**Provided entries**
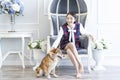 A young Japanese woman is sitting with a Shiba Inu in the living room. Young female looking camera Royalty Free Stock Photo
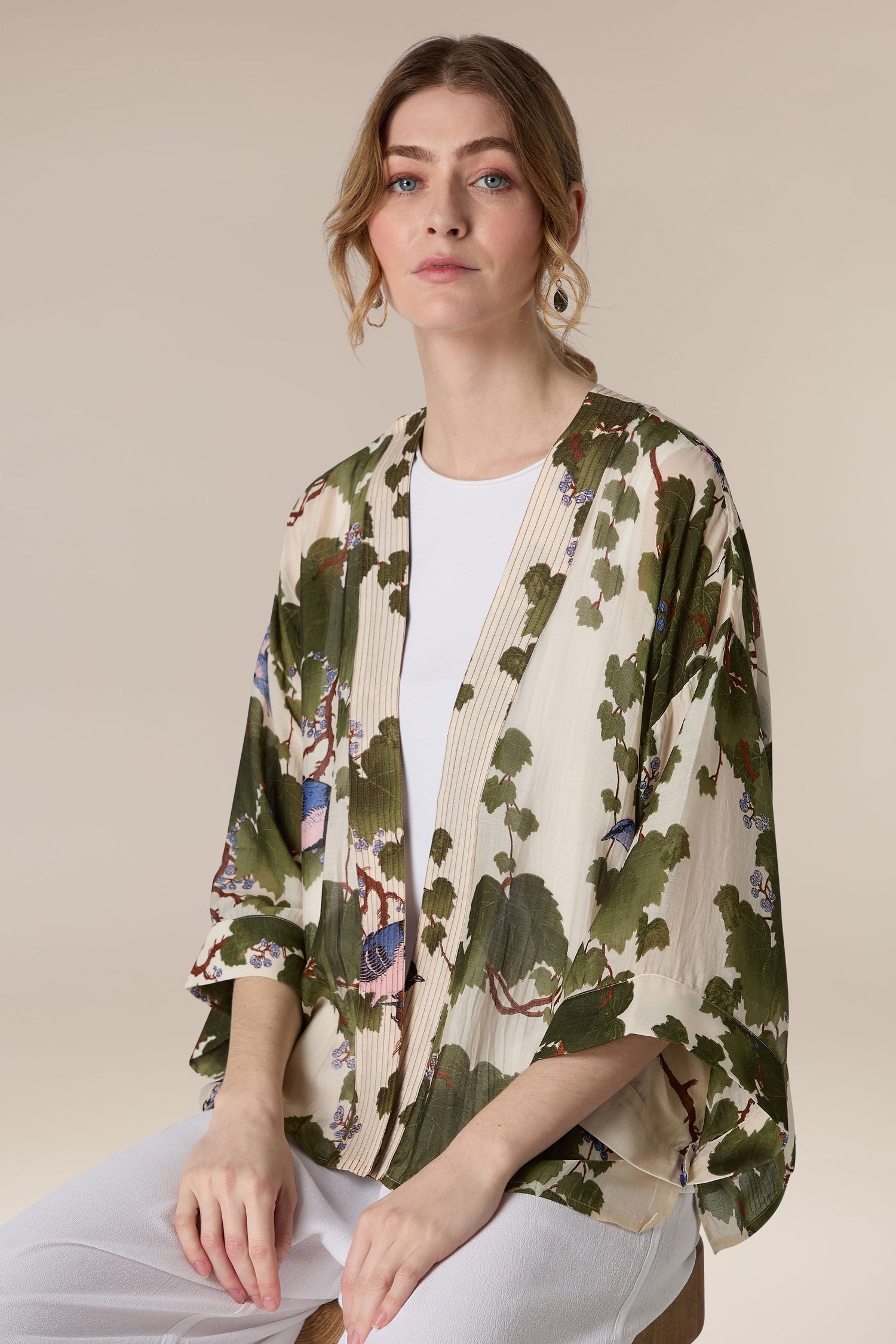 A woman in a luxe design, Japanese Acer Kimono jacket and white top posing against a neutral background.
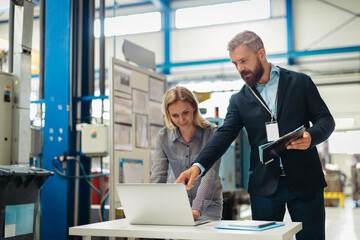 Industrial team analyzing data in high tech manufacturing plant.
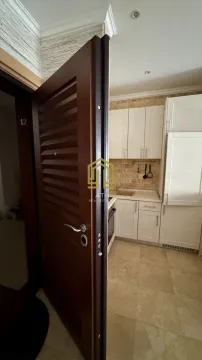 Pogled iz hodnika na manju kuhinju sa bijelim elementima. - image 17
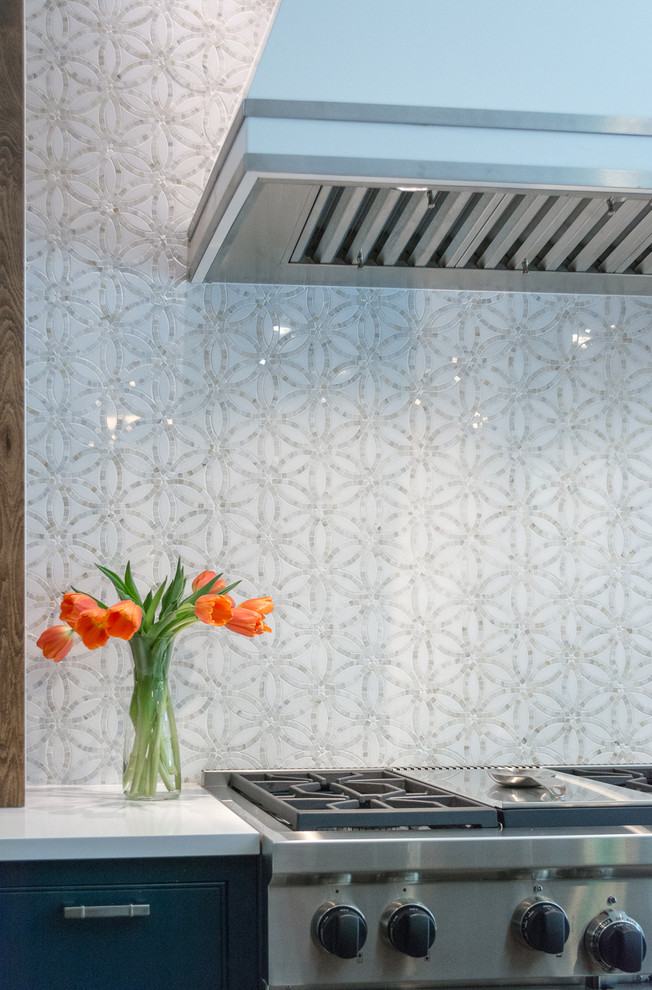 Example of a transitional kitchen design in Austin with white backsplash and stone tile backsplash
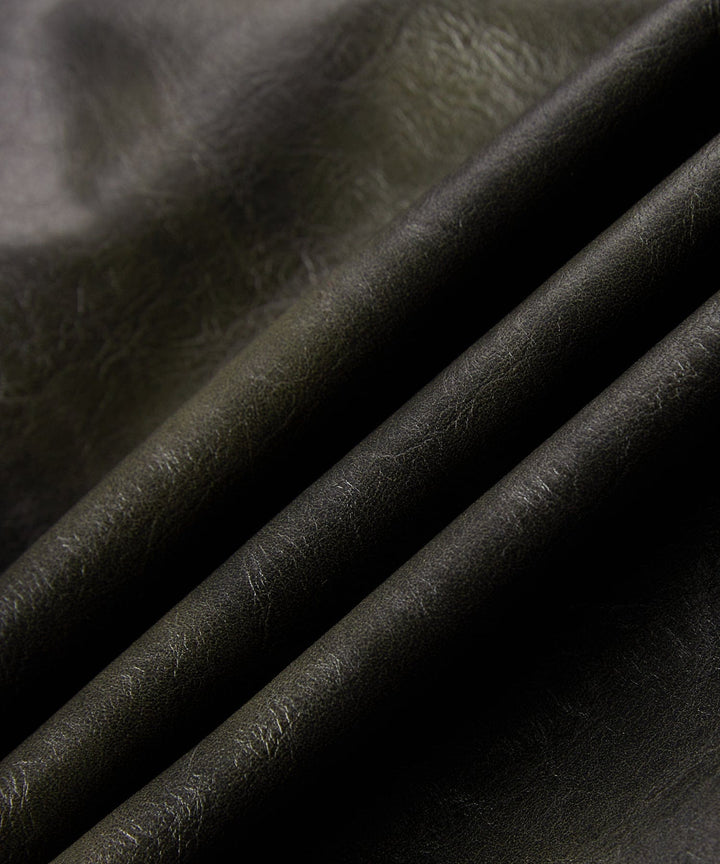 Close-up of the sleeve cuff and buttons on the men's casual faux leather jacket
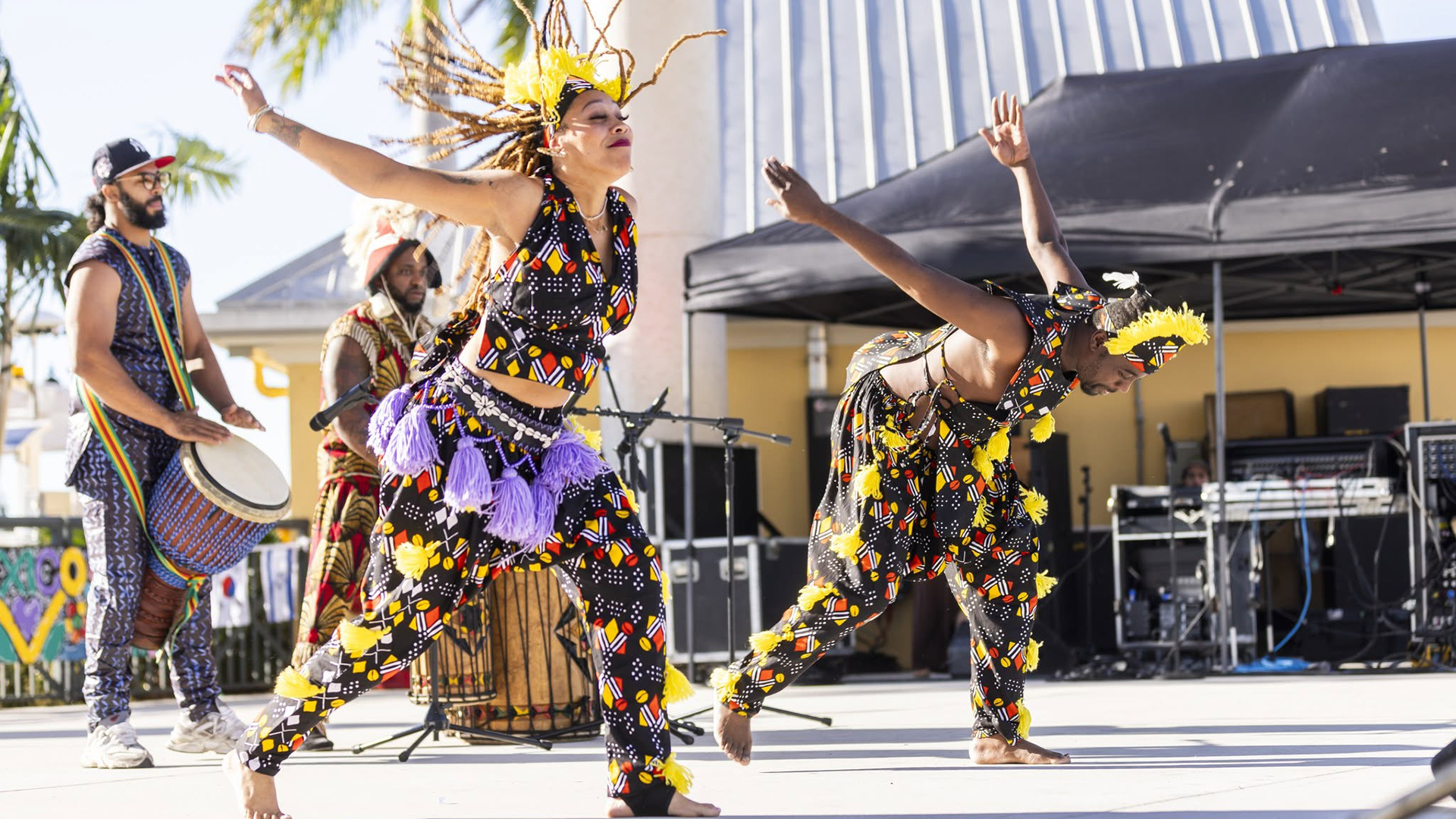 Two dancers in vibrant, patterned outfits with yellow hair accessories perform on an outdoor stage, accompanied by a drummer.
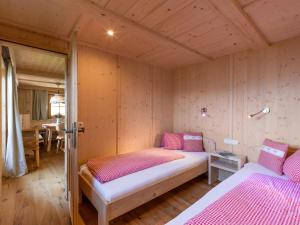 布里克森谷地霍普夫加尔滕Biobauernhof Fleckl的一间带两张床铺的卧室,位于带木墙的房间内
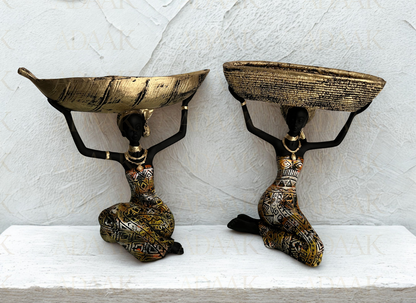 Two decorative bowls on stands with black figures holding them against a light gray background.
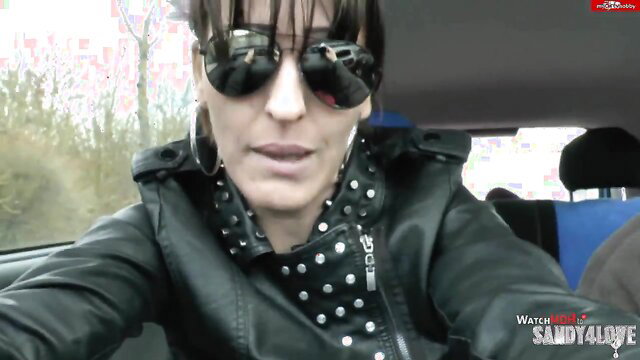Dirty-talk MILF Sandy4Love in studded leather jacket, sunglasses, car POV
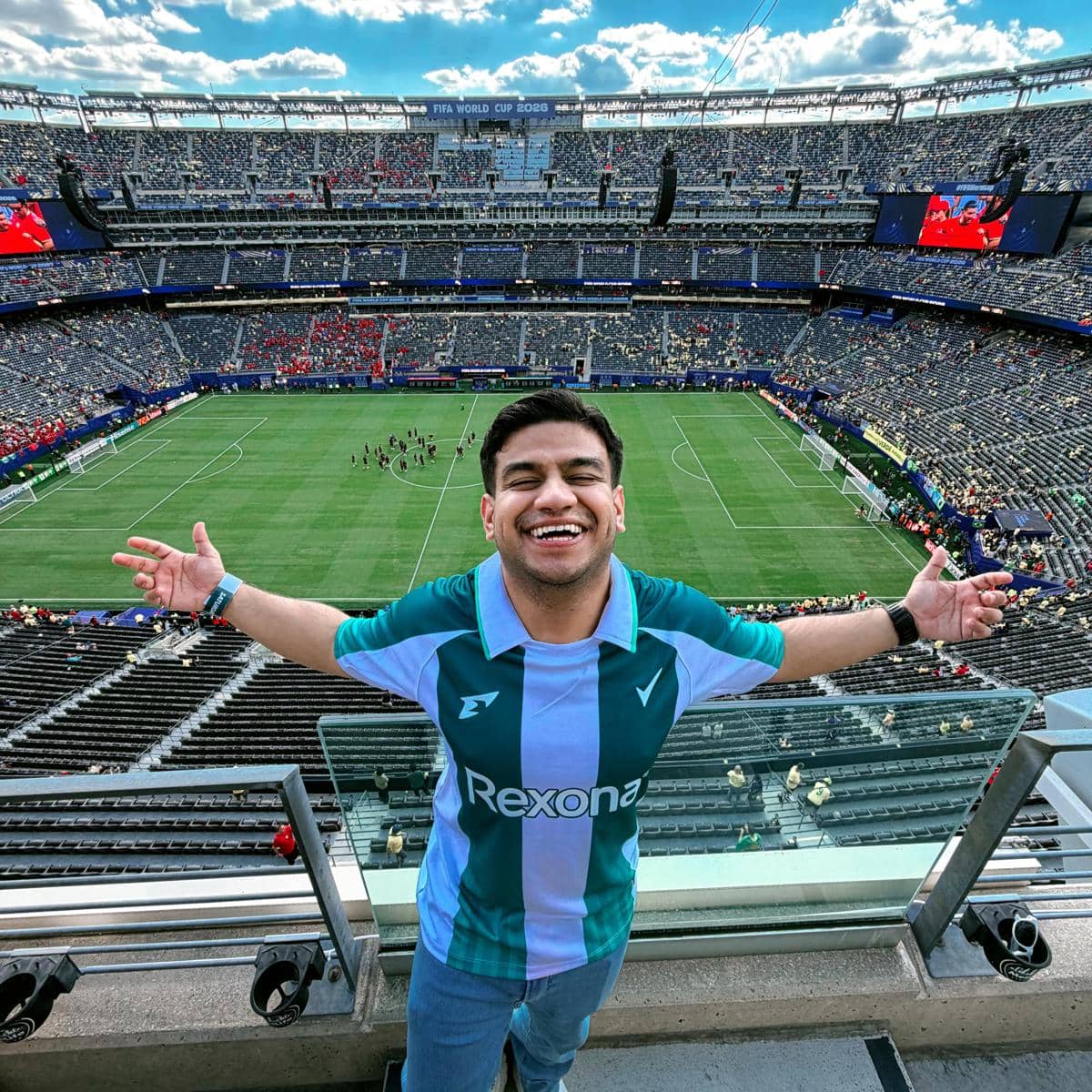 Seorang pria mengenakan jersey hijau putih tersenyum lebar dengan tangan terbuka di stadion besar saat pertandingan Piala Dunia 2026.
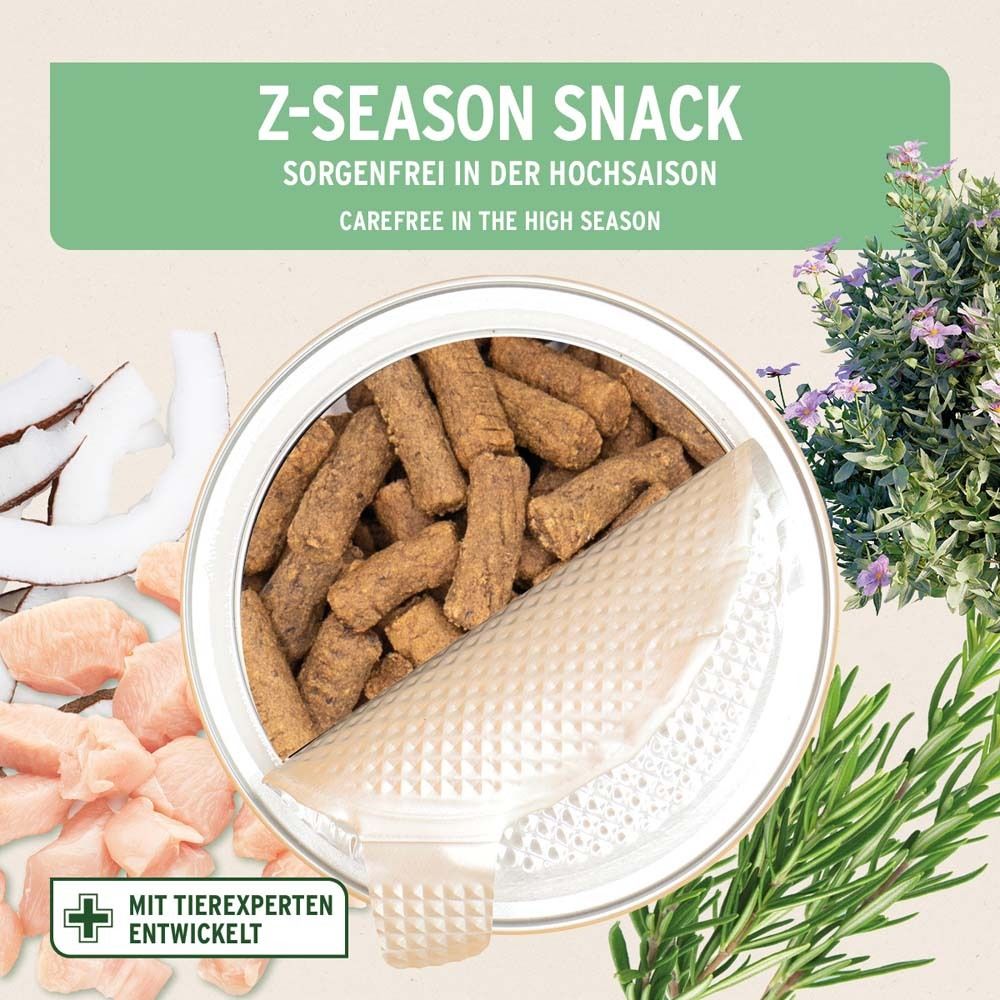 Geöffnete Dose mit Z-Season Snack. Braune, längliche Snacks. Kokosnuss, Hühnchen und Kräuter als Dekoration.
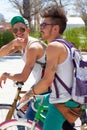 Hey, whatsup. two young guys sitting on their bikes outdoors.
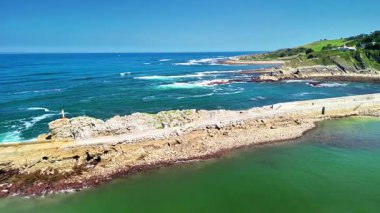 Parlak mavi okyanus ve açık gökyüzünün altındaki kayalık kıyı şeridinin nefes kesici ve çarpıcı bir görüntüsü.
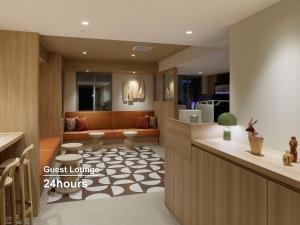 a kitchen with a living room with a couch at Mitsui Garden Hotel Sapporo in Sapporo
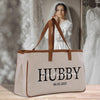 a white bag with the word hubby printed on it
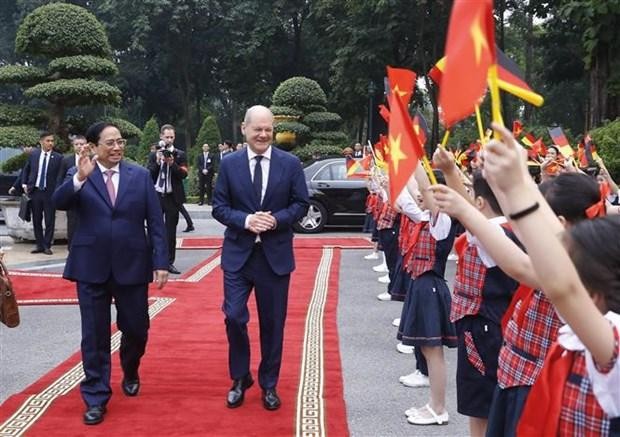Children welcome German Chancellor Olaf Scholz (R) at the official welcome ceremony in Hanoi on November 13. (Photo: VNA)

**About this exercise**
Above are the records; copy exactly the lines from the one with "A woman in a" through the one with "Close-up of the", including both, and nothing more. Leave out pictures.

**Task result**
 A woman in a luxe design, Japanese Acer Kimono jacket and white top posing against a neutral background.
 Industrial team analyzing data in high tech manufacturing plant.
 Pogled iz hodnika na manju kuhinju sa bijelim elementima. - image 17
 Example of a transitional kitchen design in Austin with white backsplash and stone tile backsplash
 Close-up of the sleeve cuff and buttons on the men's casual faux leather jacket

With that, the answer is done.